Angola is located on the African continent and Luanda is the second most expensive city in the world. It’s not your average expat- country or a comfortable place to live with a family. But like any other country you have to adapt and make it home.
But how? How do you make a new country feel like home?
Learning the language
Communication is very important when you are living in a new country! I took some classes and learned Portuguese, to at least be able to communicate in my everyday errands around the city.
At first I was worried that I wouldn’t find anyone that I would click with, people who shared the same interests or just to be able to meet for coffee and nag about the husbands or daily life. But in expat, you discover that people in the same community don’t need to share much to get together and enjoy each other’s company. A board game always gets us together and with my kids in school, meeting the parents of their classmates and establishing friendships was a great addition. And if you are lucky you might as well make one or two friends for life!

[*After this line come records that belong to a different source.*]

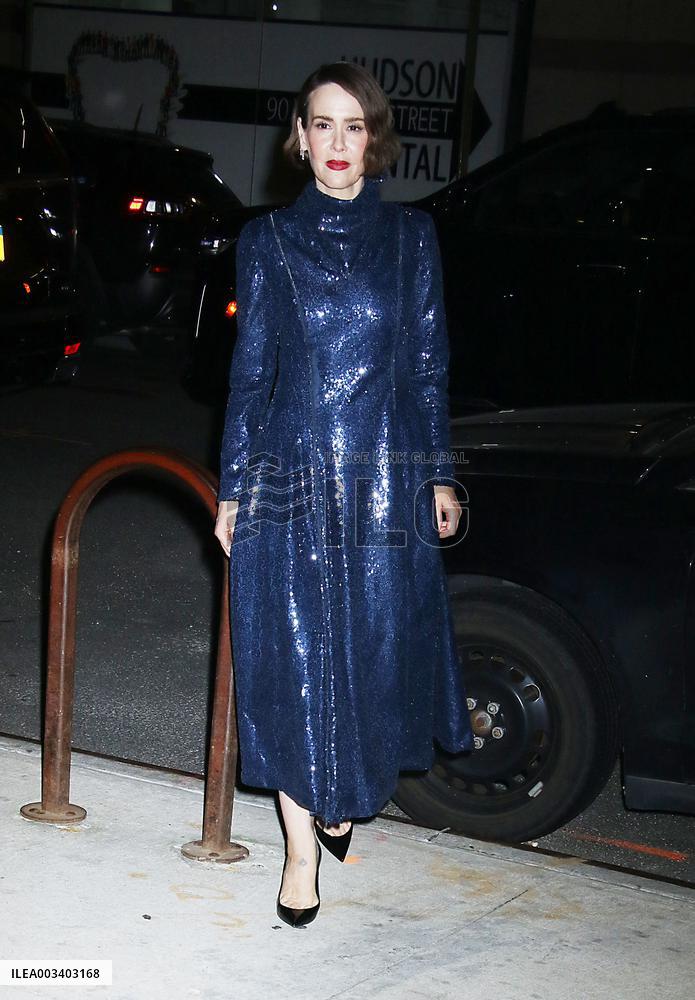 Sarah Paulson Arrives At Show Studios - NYC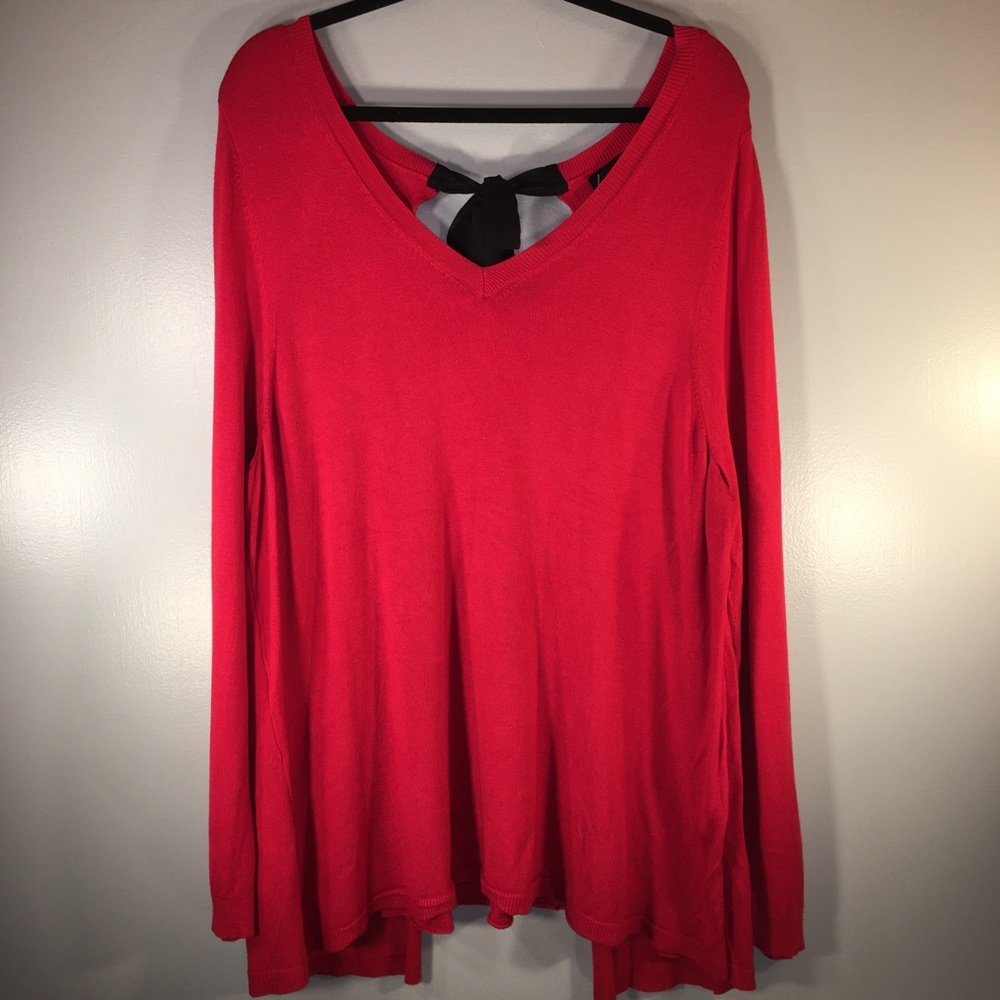 Lane Bryant Layered Tie-Back Sweater Size 18/20 FINAL PRICE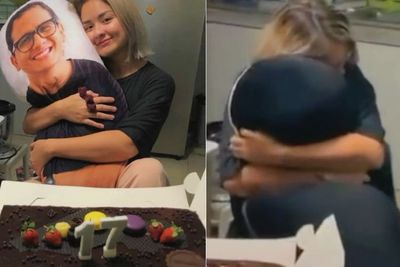 Momen Joanna Alexandra Peluk Bantal Gambar Mendiang Suami saat Ultah Bikin Mewek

I would definitely advice to keep a busy schedule. When I first moved to Luanda I had too much free time on my hands which was making me overthink everything in my life. Getting a job was absolutely impossible, so I tried to fill my days with things that I didn’t do in Lebanon. The thing that took my time and my body (gained 10 kgs the first year!) was cooking and mostly baking. And I started getting involved with other expat women in organizing events for the international expat community in the city. Recently I joined amazing mamas who have build a basic school for underprivileged kids in a poor neighborhood.
Loving the little things
It’s the little thing that keeps you going, like the time I bought 2 pomegranates for 20$ each and how until now we buy the Nutella jar for 25$! Or the time me and my husband decided we felt like croissants at 6 pm , and I don’t know if you are familiar with their complicated process, but they were only ready to go into the oven at 1 in the morning. We also try to travel as much as we can, back and forth to Lebanon and discovering the African continent.
Accepting and adapting
When your kids go to kindergarten they cry the first few weeks but then, when they like it and understand that they go back home by the end of the day, they start to enjoy it. They need time to adapt. Anything new is scary, whether it is a new job, a country or even marriage. But once you accept that this is your life now and you have to make the most out of it, you start viewing everything in a new perspective. Because time is rushing by and you cannot live your life unhappy!
The hardest part
Having said that, I live in an African country and the hardest part up until now has been when my kids get sick! Only then I curse the day I landed at Luanda’s airport! Once I had to google different cough sounds at 10 in the evening, only to discover that my 1 year old was having croup. There were no emergency rooms or doctors available to see him so I had to DIY! Yes, google is my friend around here.
Diversity is beautiful
It’s difficult at times, but I wouldn’t have it any other way. My kids are growing up in an international community amongst friends from different countries, religion and race and they don’t even realize they are different.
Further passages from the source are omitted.